TASK DESCRIPTION
None of the images should appear in your copy. Transcribe the data in full.

STORED DATA
○ ○ ○ ○ ○ ○ ○

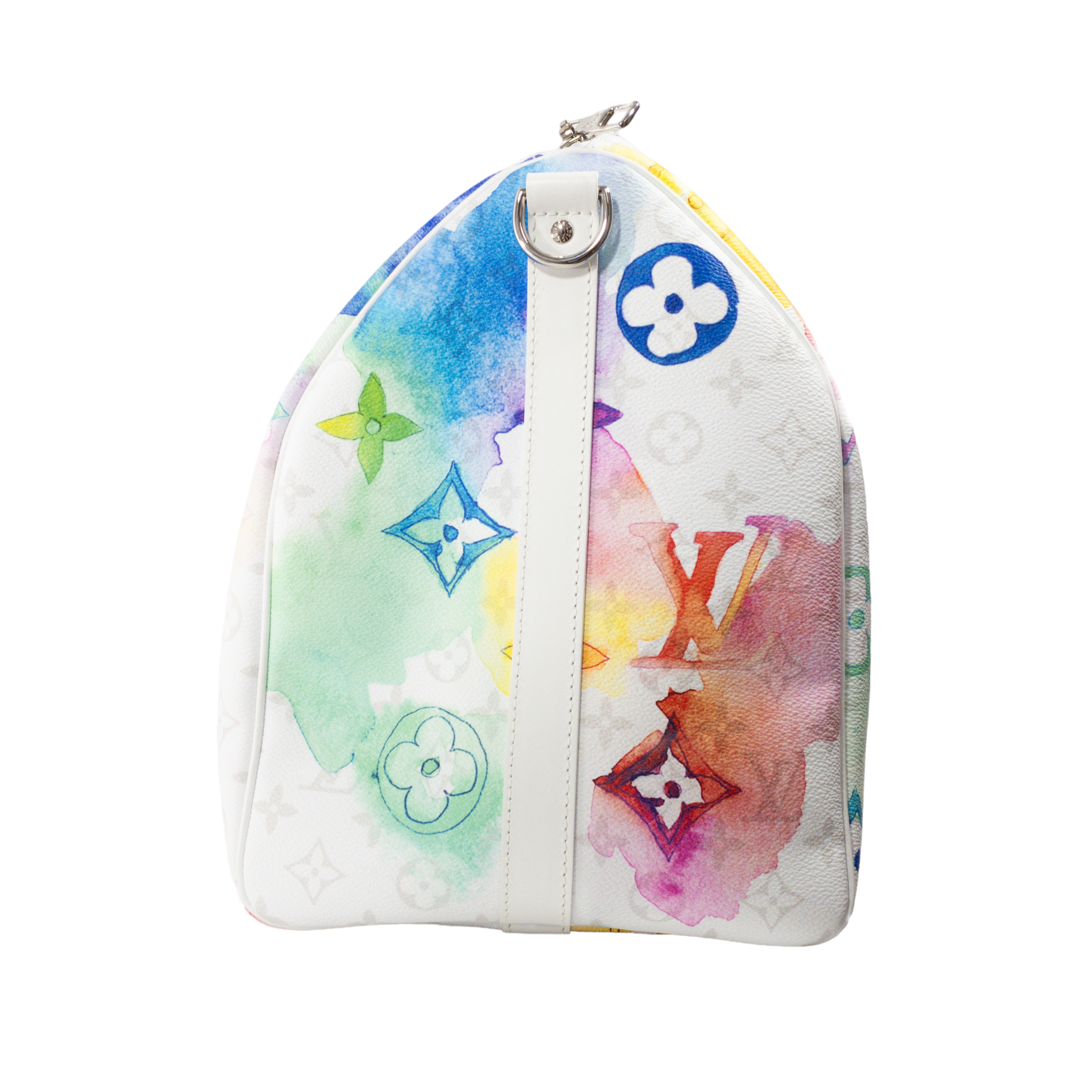 Louis Vuitton Watercolor Monogram Keepall 50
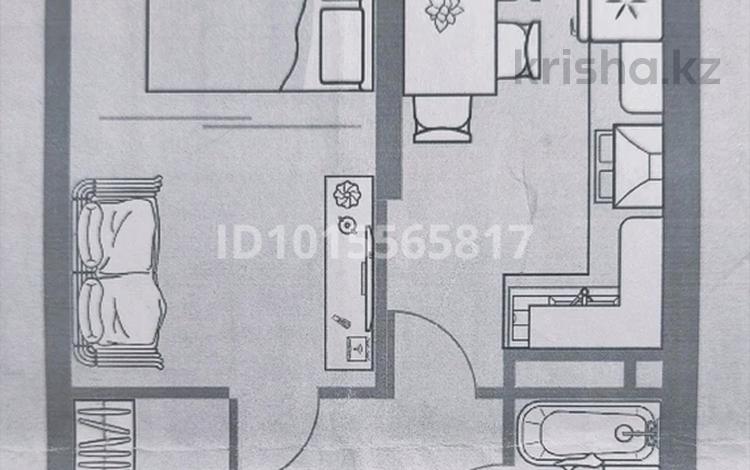 1-комнатная квартира · 41.2 м² · 8/9 этаж, мкр Шугыла 342/1 за 22 млн ₸ в Алматы, Наурызбайский р-н — фото 2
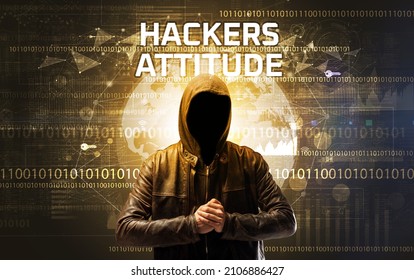 Faceless hacker at work, security concept - Shutterstock ID 2106886427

○ ○ ○ ○ ○ ○ ○

EXERCISE RESPONSE
 Louis Vuitton Watercolor Monogram Keepall 50
 1-комнатная квартира · 41.2 м² · 8/9 этаж, мкр Шугыла 342/1 за 22 млн ₸ в Алматы, Наурызбайский р-н — фото 2
 Faceless hacker at work, security concept - Shutterstock ID 2106886427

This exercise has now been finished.